QUESTION: After using the bathroom at any time during the day or night, is one required to wash his hands three times with a vessel like he does upon arising in the morning (negel vasser)?

DISCUSSION: The consensus of the poskim is that one is not required to wash his hands three times with a vessel after using the bathroom. The ruach ra’ah (evil spirit) which adheres to one’s hands after using the bathroom is different from the ruach ra’ah which adheres to one’s hands upon arising and does not require the stricter procedure of washing three times with a vessel.(1) But since there are poskim who disagree and hold that there is no distinction between these different “evil spirits,” it is praiseworthy for one to be meticulous and wash his hands alternately three times with a vessel after using the bathroom(2) – but it is not mandatory.

QUESTION: Are pets muktzeh on Shabbos and Yom Tov?

DISCUSSION: The Talmud(3) states that it is forbidden to move animals on Shabbos. In Halachic terms, animals are considered like sticks and stones which have no permissible Shabbos use and are muktzeh machmas gufo, severe muktzeh, which may not be moved for any reason. This ruling is quoted by the Shulchan Aruch(4) and most of the later poskim and no distinction is drawn between farm animals and households pets; all are considered severe muktzeh. Some poskim expressly include “playful animals” in this prohibition.(5)
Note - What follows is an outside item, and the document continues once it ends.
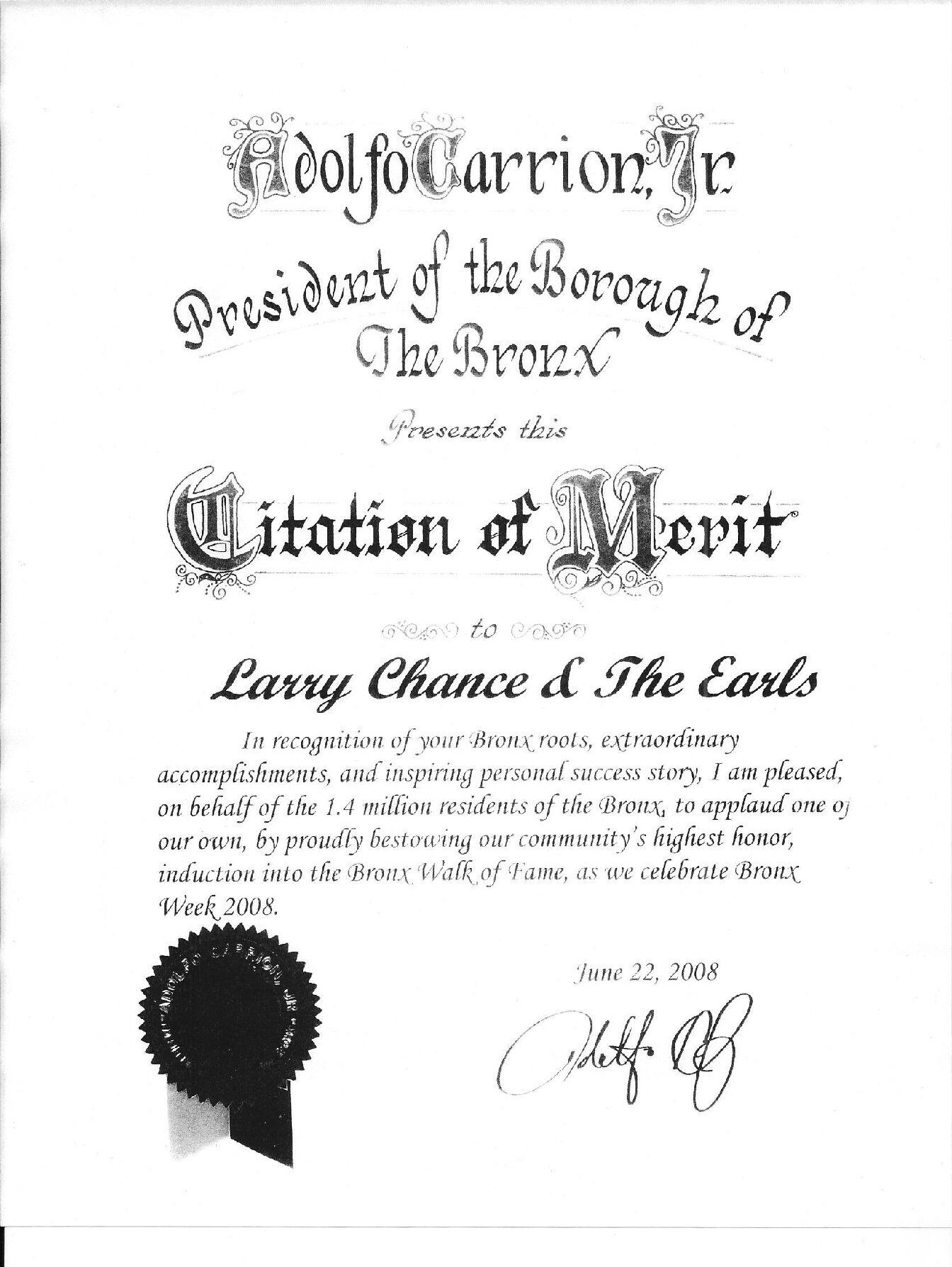 Walk of Fame certificate for Larry Chance and the Earls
There are, however, other poskim who do distinguish between farm animals and household pets. In their opinion, a pet is considered like a household item, similar to a toy or a picture, and is not classified as muktzeh at all.(6) While it is advisable to follow the majority opinion and not carry or move pets on Shabbos,(7) those who are lenient have a halachic authority upon whom to rely.(8) Certainly, if the pet is in distress, one may be lenient and move it or carry it.(9)

All opinions agree that it is permitted to touch (without moving) or feed one’s pets on Shabbos. It is also permitted to hold onto a leash and walk a dog in an area which is enclosed by an eiruv.(10) It is permitted to place a leash on a dog on Shabbos.(11)
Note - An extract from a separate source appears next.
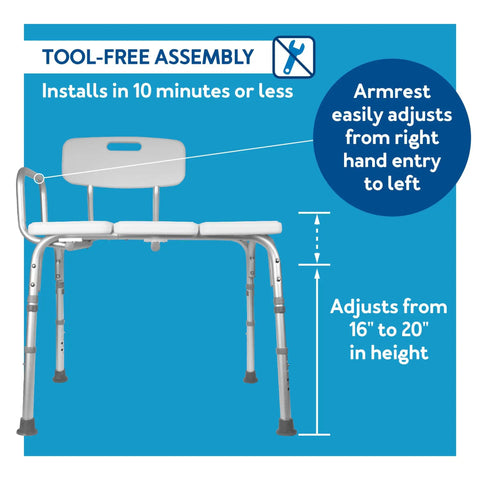Adjustable Height Shower Bench And Transfer Chair For Elderly And Disabled With No Tools Needed And Easy To Level Tub Seat.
QUESTION: If a shoelace snaps on Shabbos or Yom Tov, may a new shoelace be inserted into the eyelets of the shoe or sneaker?

DISCUSSION: Shulchan Aruch rules that inserting a new shoelace into the eyelets of a shoe on Shabbos or Yom Tov is a violation of meskaen mana, Making a Vessel, which is a toladah of Makeh Bepatish.(12) Because a tie- shoe that is missing its shoelace is unsafe and uncomfortable to wear, inserting a lace [which will remain there for an extended period of time] “makes” the shoe into a wearable shoe, thus “creating” the shoe. Although a minority opinion suggests that this concern applied only in the olden times when a professional shoemaker was required to insert the lace, and does not apply in modern times when inserting a shoelace is a routine matter,(13) the vast majority of poskim disagree and make no distinction between old-style and modern shoes. It is, therefore, forbidden min ha- Torah to insert a new or a used shoelace into the eyelets of a shoe on Shabbos or Yom Tov.(14)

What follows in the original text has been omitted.